We particularly welcome Amendments 18, 23 and 45, accepting in particular that, if we really must have an albeit non-legally enforceable statement about the sovereignty of Parliament in the Bill, it surely has to be accompanied by at least an equivalent nod to the devolution settlements and the Sewel convention to safeguard the union, as my noble friend Lord Murphy emphasised.
Looking towards the future, the noble and learned Lord, Lord Thomas of Cwmgiedd, said earlier this week that devolved Governments have an interest in all the negotiations. It is not simply the bits that can be identified as within their competence, because how agriculture pans out will absolutely affect the future of those countries. So will other parts of trade.
Our Amendment 29 in the name of my noble friend Lady Smith, as well as those of the noble Baroness, Lady Ritchie, and the noble Lords, Lord Bruce and Lord Kerr, seeks to achieve the input of the devolved authorities in the negotiations. As we have heard, it would place the Joint Ministerial Committee on EU Negotiations on a statutory footing—something that we have urged on the Government since its formation in 2016. As my noble friend Lord Morgan reminded us, it has been pretty constantly discussed in the Constitution Committee. The amendment would ensure regular and frequent meetings of the JMC on EU Negotiations, which as we have heard, has at times been sidelined, especially when it was seen as a bit inconvenient. The noble Baroness, Lady Randerson, said that it had a “chequered” history. As my noble friend, Lord Griffiths, reminded us, it was not used in the way intended when it was set up. Importantly—we have not heard this voice this morning—the amendment would also require the JMC to focus on the very unique challenges facing Northern Ireland, including the aspects discussed in your Lordships’ House last night.
The amendment also covers the relationship between the JMC—the Joint Ministerial Committee—and the new and, as we have heard, highly important UK/EU Joint Committee. For example, the Secretary of State would have to brief British members of the Joint Committee to make sure they knew what the JMC was discussing, so that discussions held with the devolved authorities were fed in to the UK negotiators. This is vital. The British members of the Joint Committee, who would, of course, be Ministers, would have to give regard to the views of the Joint Ministerial Committee, which brings together the devolved authorities. They would also have to bear in mind the requirement of the Northern Ireland protocol to facilitate trade between Northern Ireland and Great Britain.
It is particularly important, as the noble and learned Lord, Lord Wallace of Tankerness, said, to realise that, in addition to a general interest in all these negotiations, much of the implementation will fall to the devolved authorities. As any of us who have been involved in developing policy know, if you do not discuss beforehand how it is going to be implemented, the chances are that the policy will not work.
Given the importance of ensuring that Brexit works for all parts of the UK, including the devolved nations, and given the concerns of the devolved Administrations that they are being excluded from vital talks—as we have heard, an amendment which we will come to later about the authority of courts has been tabled without any consultation with them—we look forward to a rather more positive response from the Minister when he replies.
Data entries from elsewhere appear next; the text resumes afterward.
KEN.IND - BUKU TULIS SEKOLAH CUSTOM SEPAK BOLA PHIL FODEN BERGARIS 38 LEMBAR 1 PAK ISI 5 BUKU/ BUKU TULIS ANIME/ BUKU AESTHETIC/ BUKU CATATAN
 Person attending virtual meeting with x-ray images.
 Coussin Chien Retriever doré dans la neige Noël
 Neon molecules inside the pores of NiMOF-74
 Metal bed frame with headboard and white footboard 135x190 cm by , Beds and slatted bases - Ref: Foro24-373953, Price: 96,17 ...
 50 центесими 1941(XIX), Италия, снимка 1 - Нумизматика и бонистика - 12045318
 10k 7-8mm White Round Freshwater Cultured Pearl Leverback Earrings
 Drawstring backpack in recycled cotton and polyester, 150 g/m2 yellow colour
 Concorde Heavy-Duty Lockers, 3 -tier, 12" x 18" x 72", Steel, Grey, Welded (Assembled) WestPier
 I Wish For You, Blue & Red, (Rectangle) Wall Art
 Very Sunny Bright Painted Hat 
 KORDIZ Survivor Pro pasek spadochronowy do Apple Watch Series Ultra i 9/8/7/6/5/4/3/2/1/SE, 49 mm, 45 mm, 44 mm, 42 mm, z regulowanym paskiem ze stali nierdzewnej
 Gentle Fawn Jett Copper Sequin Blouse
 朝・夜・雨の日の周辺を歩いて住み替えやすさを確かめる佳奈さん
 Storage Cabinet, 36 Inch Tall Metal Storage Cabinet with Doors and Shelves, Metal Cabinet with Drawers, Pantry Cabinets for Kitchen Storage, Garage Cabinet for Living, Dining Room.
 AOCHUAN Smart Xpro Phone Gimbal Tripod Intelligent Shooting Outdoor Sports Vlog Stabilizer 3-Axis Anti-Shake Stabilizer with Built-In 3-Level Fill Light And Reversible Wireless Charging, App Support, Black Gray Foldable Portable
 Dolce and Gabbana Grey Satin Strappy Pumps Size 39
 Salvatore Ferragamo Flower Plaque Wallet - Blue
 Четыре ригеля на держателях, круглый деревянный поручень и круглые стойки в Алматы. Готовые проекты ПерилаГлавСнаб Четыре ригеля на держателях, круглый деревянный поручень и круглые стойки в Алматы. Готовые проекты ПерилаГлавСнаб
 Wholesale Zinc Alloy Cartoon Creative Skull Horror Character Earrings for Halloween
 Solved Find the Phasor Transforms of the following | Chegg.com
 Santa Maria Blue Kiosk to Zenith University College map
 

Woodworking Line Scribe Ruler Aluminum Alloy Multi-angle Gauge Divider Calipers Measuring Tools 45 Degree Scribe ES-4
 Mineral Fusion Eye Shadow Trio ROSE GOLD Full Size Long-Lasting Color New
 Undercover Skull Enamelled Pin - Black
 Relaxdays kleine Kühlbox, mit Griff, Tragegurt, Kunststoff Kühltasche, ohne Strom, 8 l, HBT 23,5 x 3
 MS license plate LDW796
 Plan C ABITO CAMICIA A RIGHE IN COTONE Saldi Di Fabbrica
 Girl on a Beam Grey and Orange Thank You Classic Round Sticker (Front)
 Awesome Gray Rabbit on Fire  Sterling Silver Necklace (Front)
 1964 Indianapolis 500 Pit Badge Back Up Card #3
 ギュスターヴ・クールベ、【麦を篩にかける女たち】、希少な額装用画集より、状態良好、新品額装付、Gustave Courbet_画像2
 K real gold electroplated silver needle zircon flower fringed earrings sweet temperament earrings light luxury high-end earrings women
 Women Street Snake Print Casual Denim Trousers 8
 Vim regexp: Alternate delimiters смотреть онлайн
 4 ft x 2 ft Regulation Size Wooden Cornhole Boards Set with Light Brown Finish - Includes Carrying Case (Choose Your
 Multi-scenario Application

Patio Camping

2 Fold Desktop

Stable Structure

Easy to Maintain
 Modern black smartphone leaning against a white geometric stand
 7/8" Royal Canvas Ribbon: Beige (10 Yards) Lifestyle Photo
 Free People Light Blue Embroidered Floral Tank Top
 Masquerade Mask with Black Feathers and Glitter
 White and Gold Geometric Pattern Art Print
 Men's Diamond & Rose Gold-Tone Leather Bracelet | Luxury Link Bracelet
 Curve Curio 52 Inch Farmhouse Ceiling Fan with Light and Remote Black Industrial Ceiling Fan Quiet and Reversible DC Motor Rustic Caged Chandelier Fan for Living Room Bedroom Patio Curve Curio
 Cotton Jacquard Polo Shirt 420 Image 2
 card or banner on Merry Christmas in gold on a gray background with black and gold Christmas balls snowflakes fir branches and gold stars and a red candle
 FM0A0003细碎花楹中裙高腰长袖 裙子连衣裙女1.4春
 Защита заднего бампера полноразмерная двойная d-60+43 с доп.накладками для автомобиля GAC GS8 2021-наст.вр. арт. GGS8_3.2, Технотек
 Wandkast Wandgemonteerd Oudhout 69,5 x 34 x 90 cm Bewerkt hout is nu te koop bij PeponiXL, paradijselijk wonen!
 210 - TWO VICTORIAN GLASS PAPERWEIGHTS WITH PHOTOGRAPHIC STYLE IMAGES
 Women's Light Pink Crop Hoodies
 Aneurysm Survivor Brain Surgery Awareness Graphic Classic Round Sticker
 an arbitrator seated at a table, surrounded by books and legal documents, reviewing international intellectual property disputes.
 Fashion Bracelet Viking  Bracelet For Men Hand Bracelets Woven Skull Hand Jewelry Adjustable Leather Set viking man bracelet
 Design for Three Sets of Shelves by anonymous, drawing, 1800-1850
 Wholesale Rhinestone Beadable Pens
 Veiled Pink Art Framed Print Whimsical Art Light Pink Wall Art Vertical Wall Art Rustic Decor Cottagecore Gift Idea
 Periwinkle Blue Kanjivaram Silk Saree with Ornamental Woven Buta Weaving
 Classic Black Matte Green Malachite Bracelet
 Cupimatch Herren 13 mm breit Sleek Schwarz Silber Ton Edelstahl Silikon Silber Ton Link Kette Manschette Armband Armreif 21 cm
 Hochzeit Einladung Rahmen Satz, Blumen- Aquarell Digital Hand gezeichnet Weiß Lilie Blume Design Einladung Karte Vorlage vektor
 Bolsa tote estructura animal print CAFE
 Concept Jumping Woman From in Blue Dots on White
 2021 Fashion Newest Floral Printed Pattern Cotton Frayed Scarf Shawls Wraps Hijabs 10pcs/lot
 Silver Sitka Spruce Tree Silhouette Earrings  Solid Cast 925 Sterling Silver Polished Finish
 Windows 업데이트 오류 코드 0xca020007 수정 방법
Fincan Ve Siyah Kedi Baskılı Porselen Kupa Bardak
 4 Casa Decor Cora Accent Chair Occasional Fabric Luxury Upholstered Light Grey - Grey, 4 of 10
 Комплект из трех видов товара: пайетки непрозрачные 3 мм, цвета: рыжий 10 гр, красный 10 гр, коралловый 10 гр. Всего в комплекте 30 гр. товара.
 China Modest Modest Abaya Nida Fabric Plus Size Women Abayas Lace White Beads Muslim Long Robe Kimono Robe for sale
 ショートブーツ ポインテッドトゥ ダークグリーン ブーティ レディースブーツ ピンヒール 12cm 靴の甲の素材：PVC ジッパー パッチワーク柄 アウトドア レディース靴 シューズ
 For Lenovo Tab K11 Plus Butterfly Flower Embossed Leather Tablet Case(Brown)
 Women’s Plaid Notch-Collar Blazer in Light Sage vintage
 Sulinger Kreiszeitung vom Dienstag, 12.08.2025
If the response is really positive, it might help the Welsh Assembly to consider whether it wants to give its legislative consent to this Bill.
European Union (Withdrawal Agreement) Bill Debate
Full Debate: Read Full DebateLord Morgan
Main Page: Lord Morgan (Labour - Life peer)Department Debates - View all Lord Morgan's debates with the Department for Exiting the European Union
(4 years, 9 months ago)
Lords ChamberMy Lords, I should like to reply to the point made by the noble Duke, the Duke of Montrose. I think he suggested that the inclusion of this amendment in the Bill would render the convention justiciable, and that there was something about it that would attract the attention of the judiciary. I have lived with the Sewel convention for a very long time, particularly with the amendment to the Scotland Act, now enshrined in Section 28(8). One of the points made by the Smith commission was that it wanted the Sewel convention to be given statutory effect. I am afraid that that battle was lost because, as Section 28(8) of the Scotland Act puts it, it remains a convention. Indeed, it was made perfectly clear by the Supreme Court when it considered the matter that it is not justiciable; it is simply a convention.
For my part—having, as I say, lived with the convention repeatedly through the 1918 Act—I relied on assurances by Ministers that they would respect the convention. It was not actually written into the Act, as I recall. So, for my part, I shall listen very carefully to what the Minister has to say, because in the past this has been handled by Ministers giving assurances that the House has respected. I am not certain that it is necessary to write it in in this way, but if I do not get that kind of assurance, I might go with the amendment. The words that the Minister uses will be extremely important to me in deciding what to do.
My Lords, points have been admirably made by many other distinguished speakers. I will just make one: this whole issue unfortunately shows the frailty of devolution as a basis for keeping our partnership of nations together. Devolution had weaknesses built into it, admirable change though it was. As many of us said, the regulatory relationships between the nations were left extremely unregulated, if you like, and in a very imperfect condition, depending, as the noble and learned Lord, Lord Thomas, said, on the power of the word “convention”, which hovers over the English constitution in a very dangerous way.
The other thing to be said about devolution as a frail basis for a settlement is that it is deliberately asymmetrical, and an asymmetrical devolution means unequal distribution. Wales has always been treated as a poorer relation in the partnership. When there are possibilities of strain, as we see in the case of the Bill, the thing is liable to crumble. The whole basic weakness of the settlement is, alas, likely to continue and to weaken the United Kingdom. It is perhaps appropriate that these aspects are implications of the work of King Henry VIII, who, despite his background, was the master voice of English nationalism. He adopted a colonial attitude to Wales and that is reflected in our current difficulties.
My Lords, I have not added my name to this amendment but would like to register my support for it. Twelve months ago, to this week, Vaughan Gething, the Welsh Cabinet Secretary for Health and Social Services was asked: if the Senedd refused to grant consent to an Act of Parliament, could it be overruled by Westminster? His reply was interesting. He said that the ability of the UK Parliament to override a measure made in any part of the UK is one of the mischiefs in the UK’s constitution that needs fixing. I do not for a moment suggest that we begin the fixing process today, but I cite his words merely as a fairly accurate summing up of the situation in which we find ourselves today.
The exclusion of a reference to the status of the devolved Administrations from Clause 38 appears deliberate. It seems designed to ensure that the devolved Administrations have no role to play in the UK’s withdrawal from the EU. It enshrines, by this omission, the inequality of the power between the nations of the UK. The inclusion of Amendment 20 in Clause 38 would go some way to redress the balance and ensure that the devolved Administrations could represent the views of their respective nations in this massively important process.
I am a passionate advocate for the Senedd. I strongly believe in the principles of devolution, as do my colleagues on these Benches. The Senedd has given Wales a voice and a feeling of nationhood. The exclusion of this amendment could lead to the perception of both being taken away. Accepting this amendment would go some way to preventing those losses.